Bom, o guardinha nos deu a indicação e caminhamos meia dúzia de quarteirões naquele bairro com mais cara de bairro do que de cenário de filme (muito embora tudo lá pareça um cenário de filme, depende do filme...) até chegar no Habana Outpost.

E por que diabos fomos atrás desse lugar? Porque um mês antes eu havia vasculhado um site de shows e passado um pente fino em quem estaria tocando na cidade naquela semana. No meio de incontáveis bandas de folk indie, encontrei uma deliciosa novidade (novidade pra mim, ao menos): The Hungry March Band.




Mais do que uma banda, é praticamente uma comunidade multicultural, um squat ambulante cuja população pode variar de 5 a 50 artistas entre músicos e performers. A parada dos caras é aquela coisa de parada: uma espécie mutante de fanfarra, com o som baseado em bumbos, taróis e metais tocando uma música de banda marcial, jazz, funk, música cigana, essas coisas. Com a cabeça cansada de tudo que eu andei ouvindo até hoje, foi um convite para mergulhar em uma coisa nova e divertida.





A cereja do bolo é que o show não só era gratuito como fazia parte de uma "block party", uma festa daquele quarteirão específico celebrada no simpático pátio do Habana Outpost. Como a festa, o restaurante foi uma atração à parte. Com uma decoração colorida e elaborada de forma a parecer não elaborada, o Habana Outpost mistura comida cubana/mexicana com experiências ecológicas.
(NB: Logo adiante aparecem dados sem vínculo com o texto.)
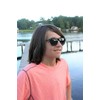 BANZ: Beach Comber: Polarized Kids Sunglasses | Age: 4-10 Yrs.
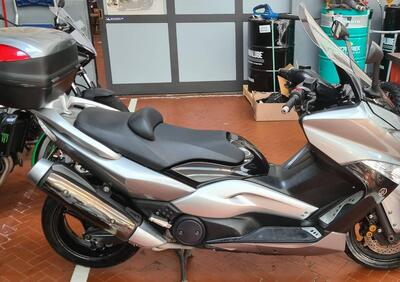 Yamaha T-Max 500 (2008 - 12) - Annuncio 9540157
Pelo lugar vimos coisas como coletores de água da chuva para a descarga do chuveiro, uma bicicleta para fazer smoothies e evitar o uso de energia elétrica, lixo separado por tipo para a reciclagem, tudo indicado de forma lúdica na decoração, sem muito daquele ranço ambiental clássico. No site, eles chamam isso de "ecoaeatery".





Uma banda de música cubana, três margueritas, um prato de nachos e alguns milhos assados com queijo e pimenta depois da nossa chegada, a Hungry March Band apareceu no pátio. Todos vestidos a caráter, com aquela pompa de banda marcial, mas um detalhe: a única uniformização eram as cores vermelho e preto. Fora isso, cada um com seu próprio conceito de pompa e circunstância, misturando tênis, casacos de almirante completamente detonados, quepes aleatórios, saias caóticas e inclusive uma fantasia de gorila.



Foi uma função: todo mundo teve que sair do pátio porque a banda começava a tocar na rua. Levantamos, fomos lá pra fora e acompanhamos a Hungry March Band entrar de volta no pátio. Fez todo o sentido do mundo, porque banda marcial que se preze não pode entrar no palco e tocar, precisa entrar marchando!



À frente da trupe de metais e percussão vinham duas animadoras. Uma delas segurava e girava um bastão de um jeito que me fez pensar no conceito de "punk baliza", um tipo de versão Ramones das coreografias abre-alas. Ela estava mais interessada em fazer grau e provocar a platéia do que propriamente acertar os movimentos, o que deixava tudo mais interessante. Ao lado, seguindo de perto, vinha a segunda "baliza", vestindo uma fantasia podre de gorila, assustando as crianças e temperando a cena com breakdance tosca, espasmos primatas e alguns golpes de karatê.

Ao fundo, a banda seguia tocando impávida. Foi um dos shows mais legais que eu vi nos últimos anos e juro que as margueritas não tem nada a ver com isso. A verdade é que um bom naipe de metais, um bumbo e um tarol bem ajuntados têm total condição de dar conta de um bando de neurônios que não eram chacoalhados decentemente há algum tempo.